Find the line with "Handmade Felt Festive" in the records below. Output exactly from there until after the line with "Burberry Haymarket Check", without pictures.

-- DATA SUPPLIED follows --

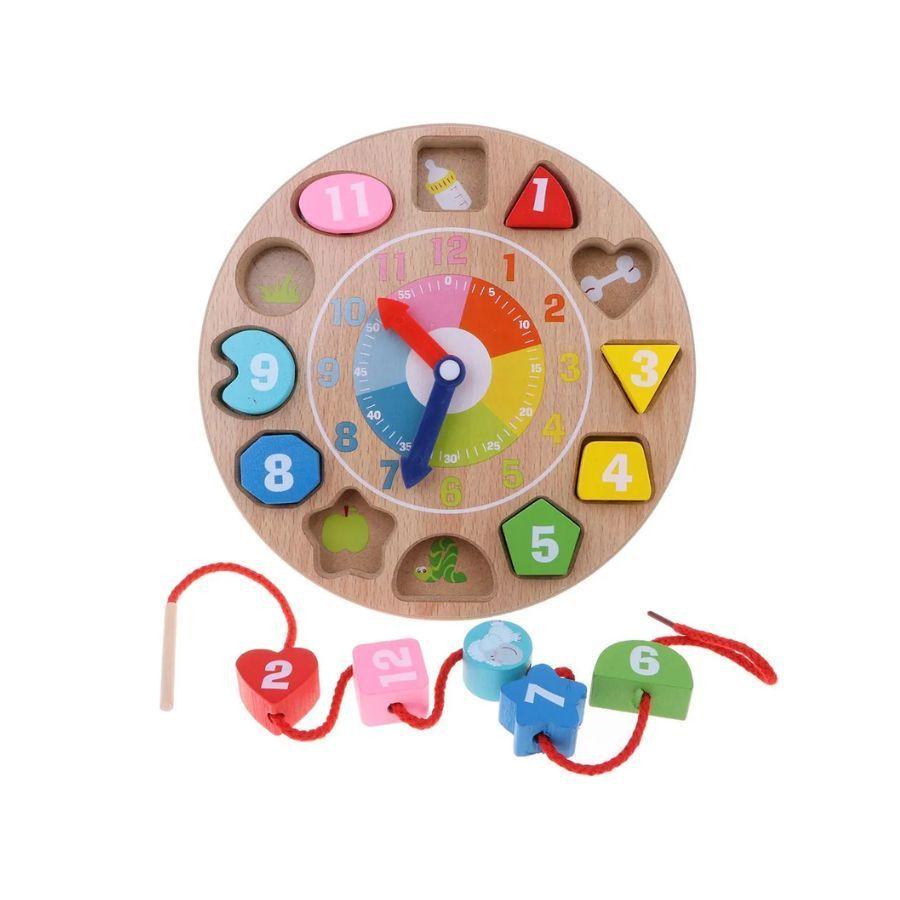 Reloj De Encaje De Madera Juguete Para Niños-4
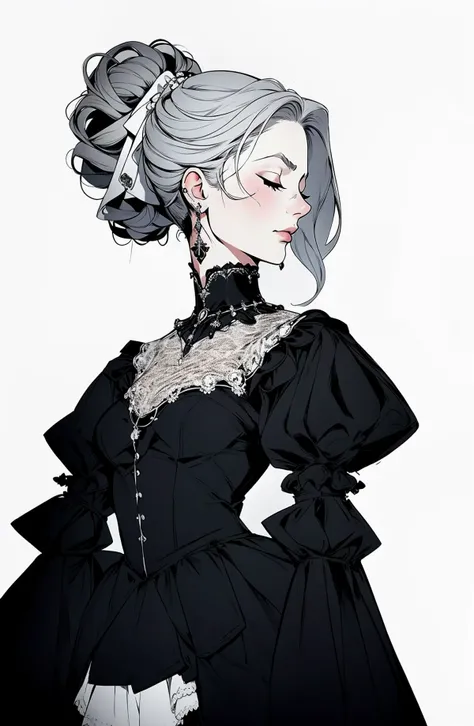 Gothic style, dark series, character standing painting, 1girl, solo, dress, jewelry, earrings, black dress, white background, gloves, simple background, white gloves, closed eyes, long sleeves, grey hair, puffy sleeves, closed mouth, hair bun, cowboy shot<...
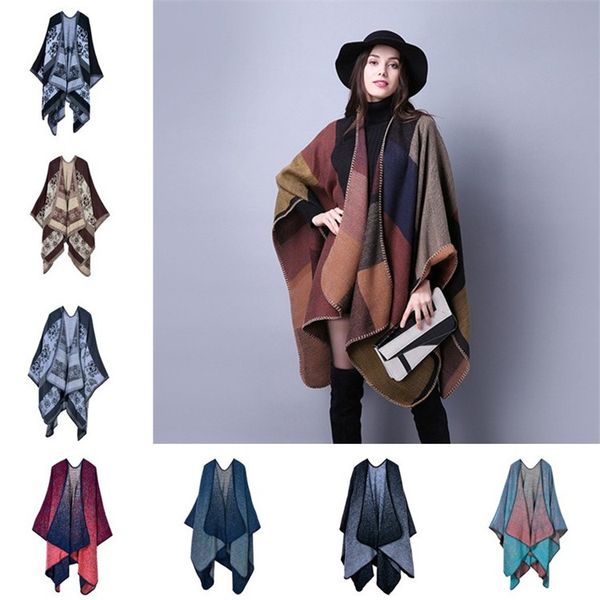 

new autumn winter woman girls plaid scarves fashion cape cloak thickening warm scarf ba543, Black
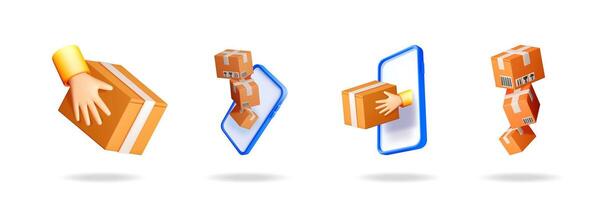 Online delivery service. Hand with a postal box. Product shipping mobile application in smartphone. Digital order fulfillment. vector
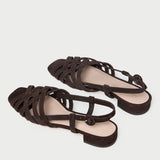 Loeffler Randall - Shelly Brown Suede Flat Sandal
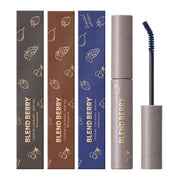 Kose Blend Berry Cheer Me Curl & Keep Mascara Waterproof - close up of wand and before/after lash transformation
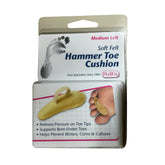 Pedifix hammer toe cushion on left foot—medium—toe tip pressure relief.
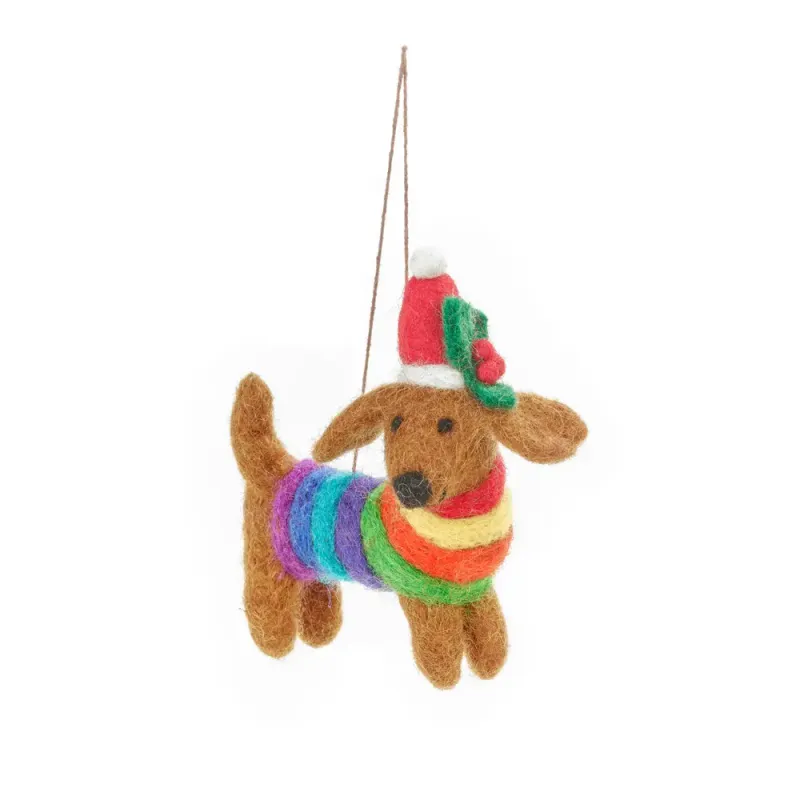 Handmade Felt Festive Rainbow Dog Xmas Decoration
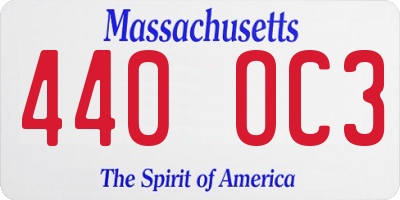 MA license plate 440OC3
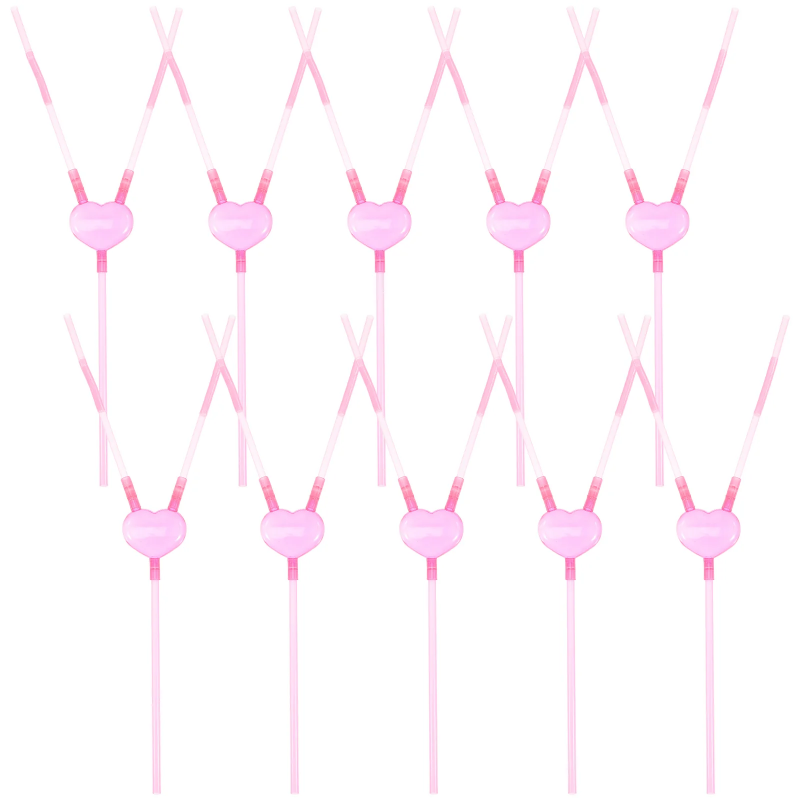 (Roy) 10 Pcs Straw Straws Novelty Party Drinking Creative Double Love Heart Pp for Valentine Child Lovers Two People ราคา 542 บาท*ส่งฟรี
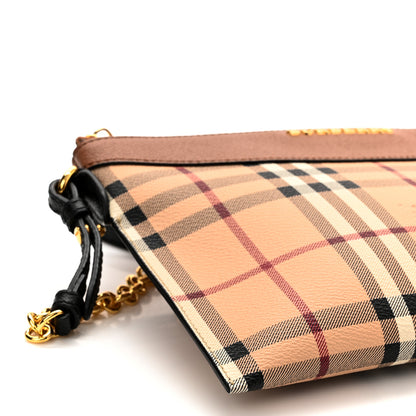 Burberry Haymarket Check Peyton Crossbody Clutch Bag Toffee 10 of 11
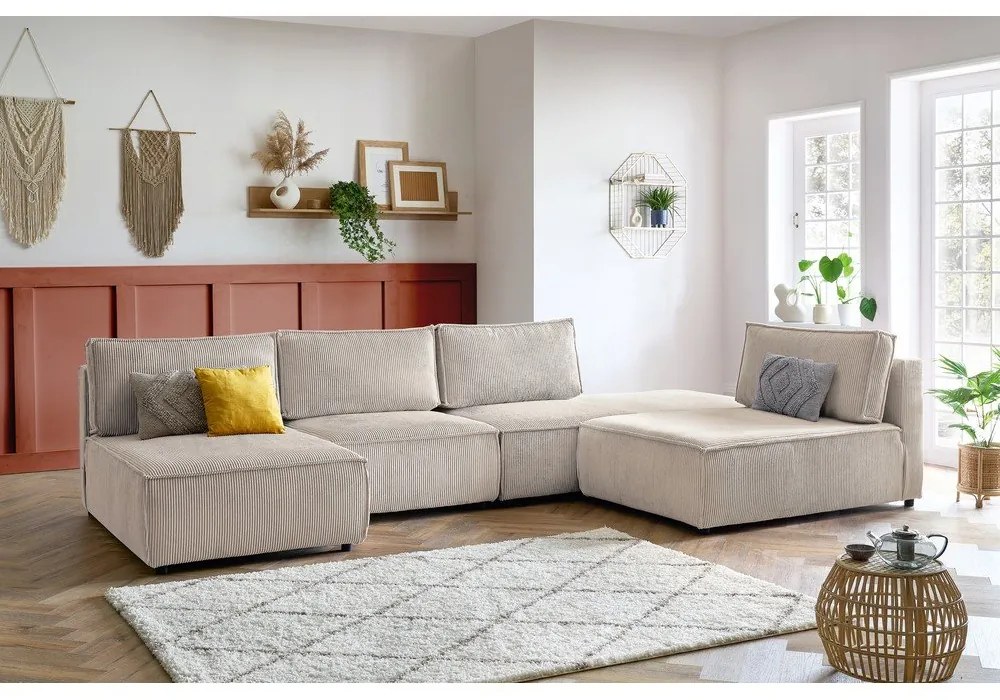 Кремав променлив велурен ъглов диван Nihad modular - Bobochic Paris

-- DATA SUPPLIED concluded --

§ **RESPONSE TO THIS EXERCISE**:
 Handmade Felt Festive Rainbow Dog Xmas Decoration
 MA license plate 440OC3
 (Roy) 10 Pcs Straw Straws Novelty Party Drinking Creative Double Love Heart Pp for Valentine Child Lovers Two People ราคา 542 บาท*ส่งฟรี
 Burberry Haymarket Check Peyton Crossbody Clutch Bag Toffee 10 of 11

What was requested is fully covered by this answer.